When Minister for Justice Alan Shatter travelled to the annual conference of the Association of Garda Sergeants and Inspectors (Agsi) in Sligo on Monday evening it was for the briefest of visits.
A small number of delegates walked out after he began his address. At the conclusion of his remarks nobody applauded. In between, he told delegates no one in the room could accuse him of not battling hard for the Garda when Government spending was being allocated.
He reminded them gardaí were still better paid than other public servants and said their association and the Garda Representative Association (GRA) had lost their way in recent times.
After then briefly speaking to the media he left, opting not to stay on for a meal or drink with the gardaí has many of predecessors did.
His parting shot, as he left the hotel, was reportedly to tell Agsi general secretary John Redmond he hoped for more measured remarks the next time he met the association.
“It wasn’t exactly a charm offensive, was it?” said one delegate about the Minister’s frosty visit. It followed a warning from Garda management to Mr Redmond two weeks ago that he risked criminal prosecution if he and his national executive encouraged Garda members to engage in any form of industrial action.

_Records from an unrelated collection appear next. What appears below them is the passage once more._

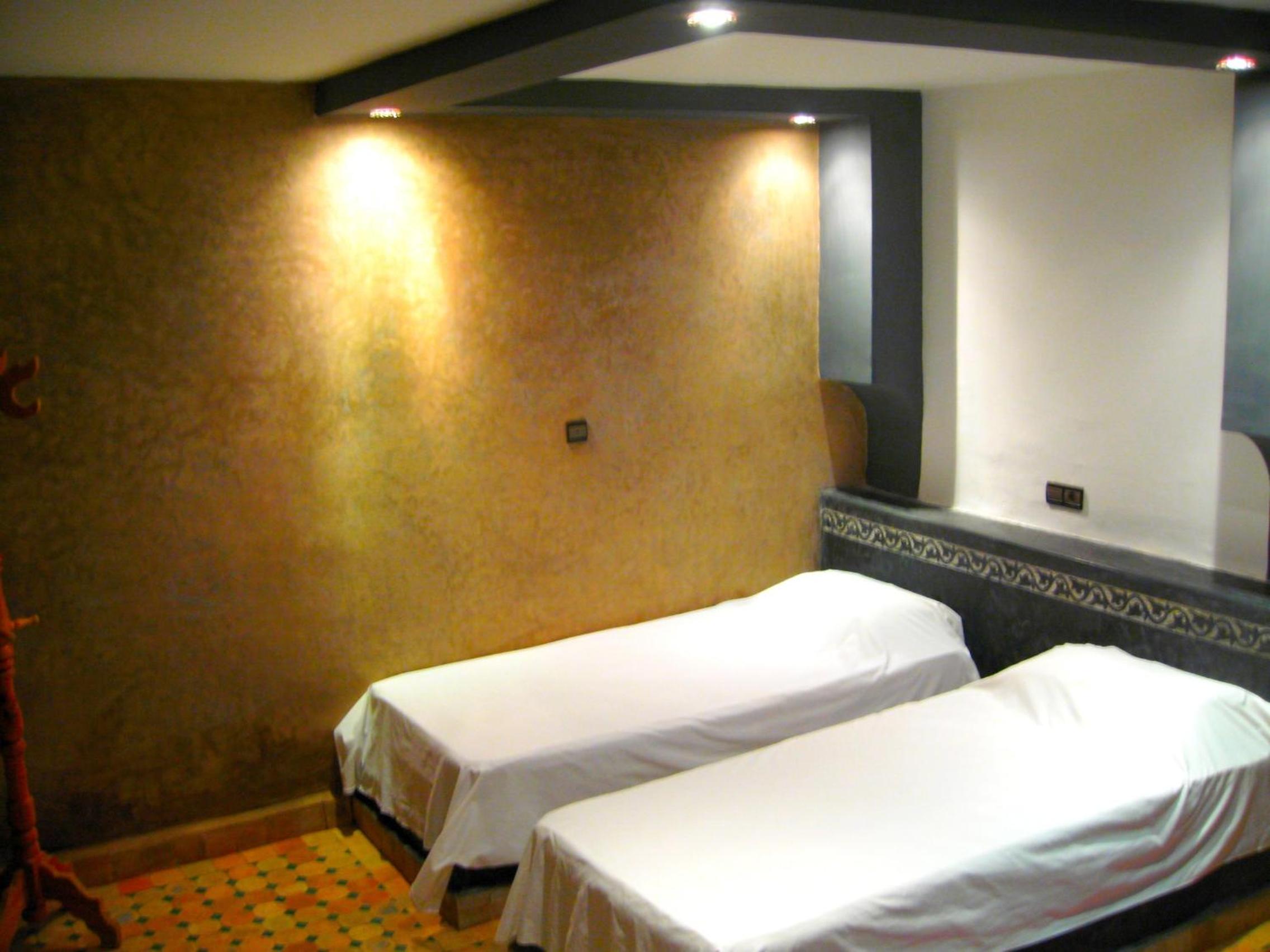 Deluxe Double or Twin Room with Garden View photo 1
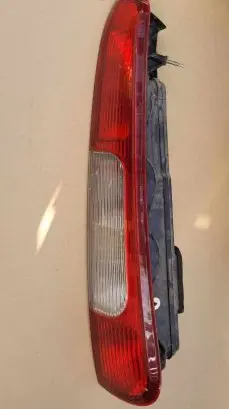 Ford Focus C-MAX Rear/tail lights 3M5113N411AA
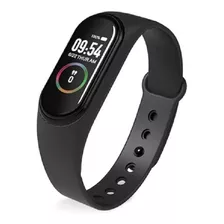 Reloj Smartwatch Smart Bracelet M5 Running Correr Podometro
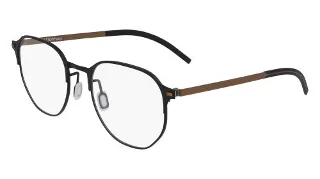 002 Black/Copper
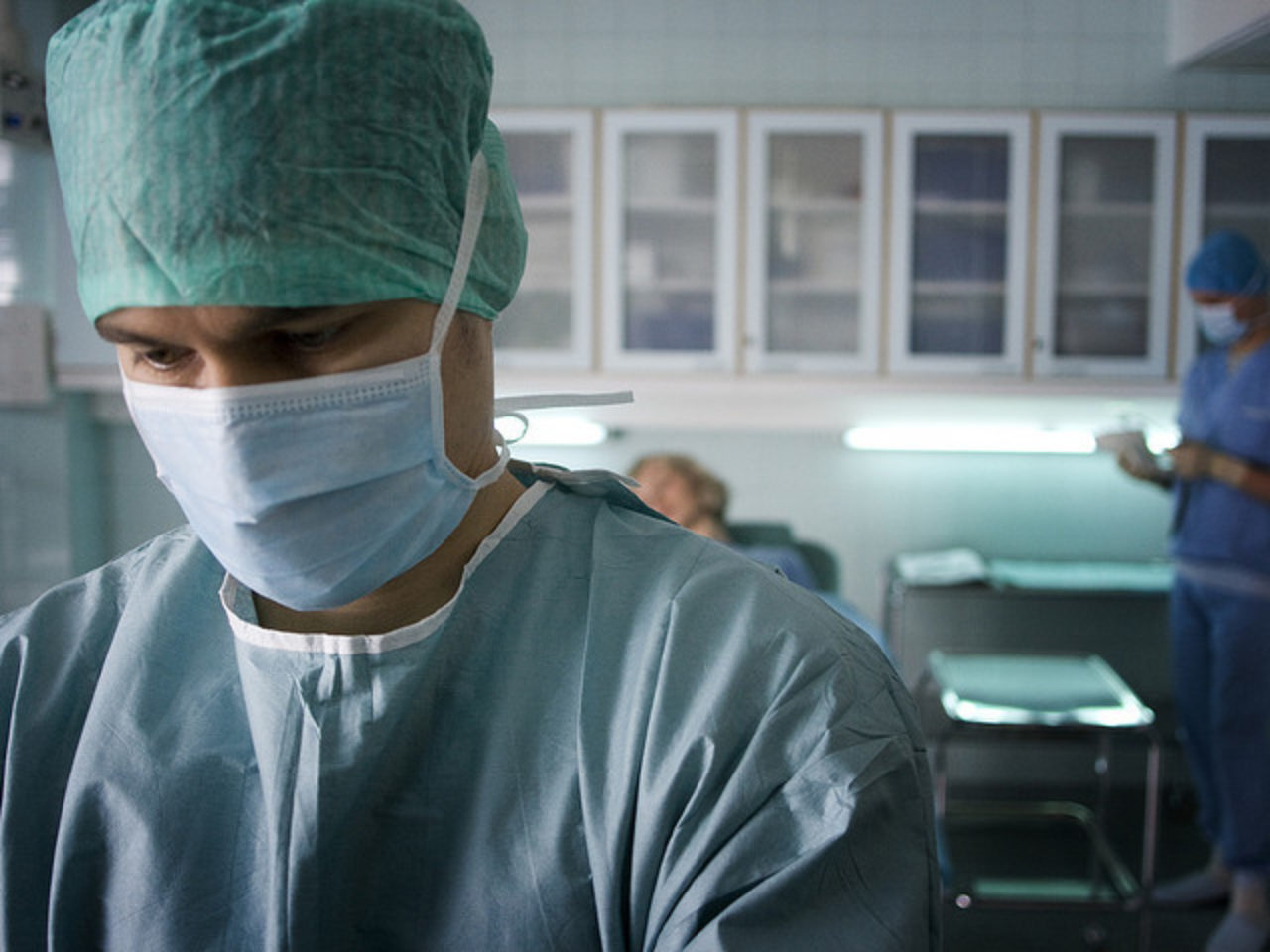 Минздрав поддержал предложение «ЕР» по новым льготам для врачей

That move was in response to the Agsi’s and the GRA’s ongoing protest over proposed pay cuts under the extension of the Croke Park agreement. The associations have encouraged their members not to use their personal phones, laptops and cars for work. The members are also refusing to work overtime on “non-public” duties such as policing concerts and sports events.

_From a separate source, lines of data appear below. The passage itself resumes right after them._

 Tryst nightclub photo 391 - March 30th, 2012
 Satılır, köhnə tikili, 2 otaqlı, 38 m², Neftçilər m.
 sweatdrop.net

It is a criminal offence for any member of the Garda to withdraw service or induce others to do so, as Mr Redmond and his Agsi colleagues were recently reminded.

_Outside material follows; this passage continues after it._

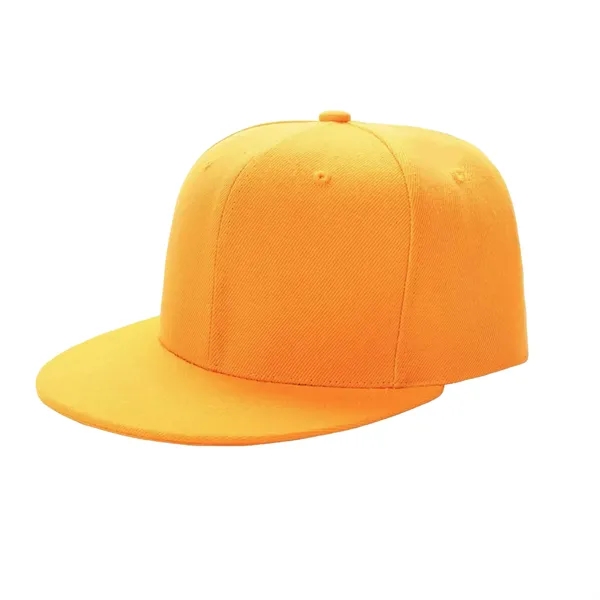 Premium Performance Trucker Cap - Premium Performance Trucker Cap - Image 11 of 12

In his speech to the conference last night, Garda Commissioner Martin Callinan reminded delegates they must remain professional and dedicated. He also want off script to reassure those present several times that he understood they were facing serious financial pain and that many were "disgusted" at the economic collapse.
His remarks resonated with those present and he was afforded a warm round of applause, unlike Mr Shatter.
Despite talk of Garda morale being at an all-time low, with members of the force under financial pressure, there has been little sense of that at the Agsi conference.
The association’s members appear slightly more resigned to their financial positions, or at least accustomed to them, than might have been expected. When Michael McDowell was minister for justice and was introducing the Garda Siochána Act 2005 – which provided for the Garda reserve and the Garda Siochána Ombudsman Commission – they was a more palpable sense of anger at him from Agsi and the GRA than there was for Mr Shatter this week.
Previously, both associations resented the fact that a reserve force was being created to work for free alongside full-time members. They were also livid at the establishment of the Ombudsman Commission, under which civilian investigators were give powers to arrest, detain and search gardaí and their houses as part of the investigation of complaints against members of the force.
This time around it is Mr Shatter’s bedside manner that appears to getting under the skin of gardaí. They see him as aloof and patronising.
“He’s like an adult coming in to lecture a load of kids,” said one delegate.
While that attitude may not worry Mr Shatter too much at the moment, if the Agsi and the GRA step up their protests when the threatened pay cuts under the new Croke Park agreement become a reality, the Minister may find himself having instilled fire in the belly of Garda members that could lead to a longer and more bitter dispute than necessary.